El resultado de tanta apertura y tanta profusión de aplicaciones, favorecido por las propias redes sociales para así mejorar el tiempo de estancia y las páginas vistas por los usuarios, ha sido, como mínimo, agridulce: por un lado, una cantidad importante de personas tienen hoy un perfil detallado de su vida y actividades en una red social, pero para un número cada vez más elevado de estas personas, la atención que dichas redes demandan empieza a resultar claramente excesiva. Una cosa es tener en tu red a un montón de amigos, conocidos y no tan conocidos, y otra muy distinta tener un paroxismo diario de invitaciones a causas, peluches virtuales, abrazos de oso y mordiscos de vampiro. Una cosa es actualizar tu teléfono móvil, tu domicilio o tu cargo en una red social, y otra hacerlo en cinco o seis. No hay más que echar un vistazo a los fríos datos: el 64% de los usuarios de Facebook pertenecen también a MySpace, y porcentajes similares se repiten a lo largo de las bases de usuarios de las redes sociales más populares. A esto hay que añadirle una eficiencia publicitaria más que discutible: los usuarios no están, cuando se acercan a la red social, en ningún tipo de search mood o buying mood (comportamiento de búsqueda o de compra), lo que les convierte en poco proclives a hacer clic en unos anuncios que, por tanto, deben venderse a precios inferiores derivados no del impacto de los clics, sino de su mera visualización, suponiendo que los usuarios lleguen a verlos en lugar de acabar desarrollando una especie de "ceguera selectiva".

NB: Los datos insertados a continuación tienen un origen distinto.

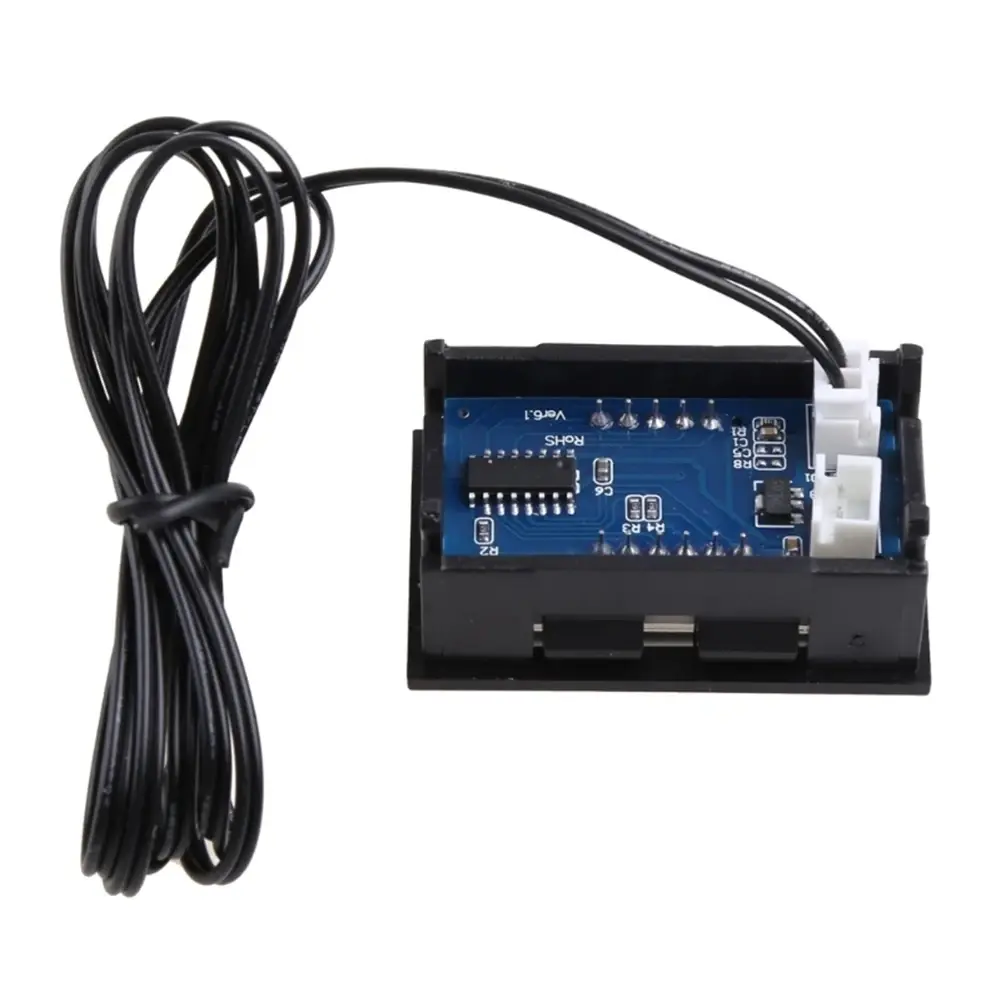 0.56inch LED Digital Thermometer Tester Panel Gauge DC 5-12V Thermometer Sensor with Sensors Probe Thermometer Gauge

El futuro inmediato, ante la situación de inflación de redes sociales, podría venir de los denominados "agregadores de redes sociales": sitios que ofrecen la posibilidad de gestionar nuestro perfil social, la información que queremos ofrecer de nosotros mismos, y mantener dicha información actualizada en todas las redes que acepten ese estándar. Pero por supuesto, este tipo de prestaciones suponen una amenaza para los modelos de negocio de determinadas redes sociales, basados en la obtención de un nivel de atención que tal vez esté al alcance de jóvenes con mucho tiempo, pero muy alejados de las posibilidades del profesional con un determinado nivel de actividad. La facilidad de envío y reenvío de todo tipo de cosas en las redes sociales, unida a la arraigada costumbre de añadir a tu red a casi todo aquel que te lo pide, nos ha llevado a una desaparición de su significado: no es que tu amigo se acuerde de ti, es que simplemente alguien ha apretado el botón y ha resultado que estabas en su red extendida. ¿Significado real? Poco menos que ninguno.

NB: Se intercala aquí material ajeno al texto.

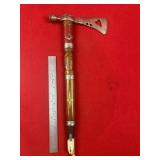 Very Ornate Trade Pipe Axe with Mason Symbol and e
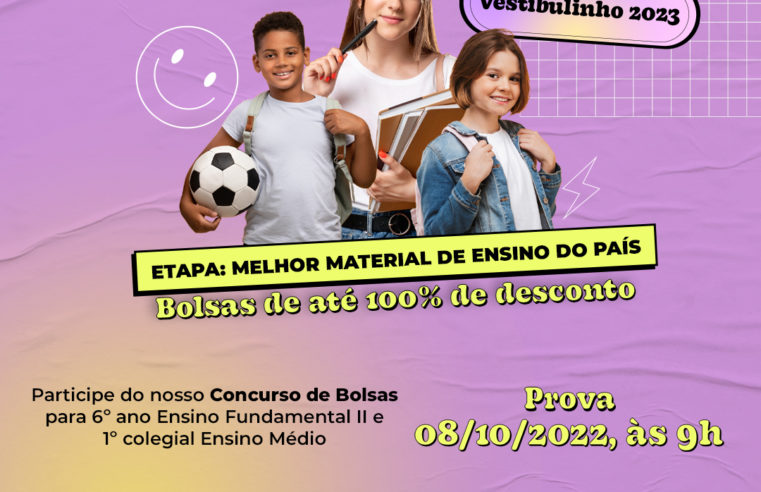 Colégio FEB lança Concurso de Bolsas com descontos de até 100%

Claramente, las redes sociales ofrecen prestaciones que pueden resultar interesantes, pero viven un momento de acusada hiperinflación. El hombre es un ser social, pero parece que el modelo de futuro puede ir más por algo cercano al individualismo en red –cada persona gestiona su perfil y lo "ofrece" en determinadas condiciones a determinadas redes, personas o motores de búsqueda– que a la actual "promiscuidad" y al "todos somos amigos de todos". Tras un par de años de euforia, llega el momento de la racionalización.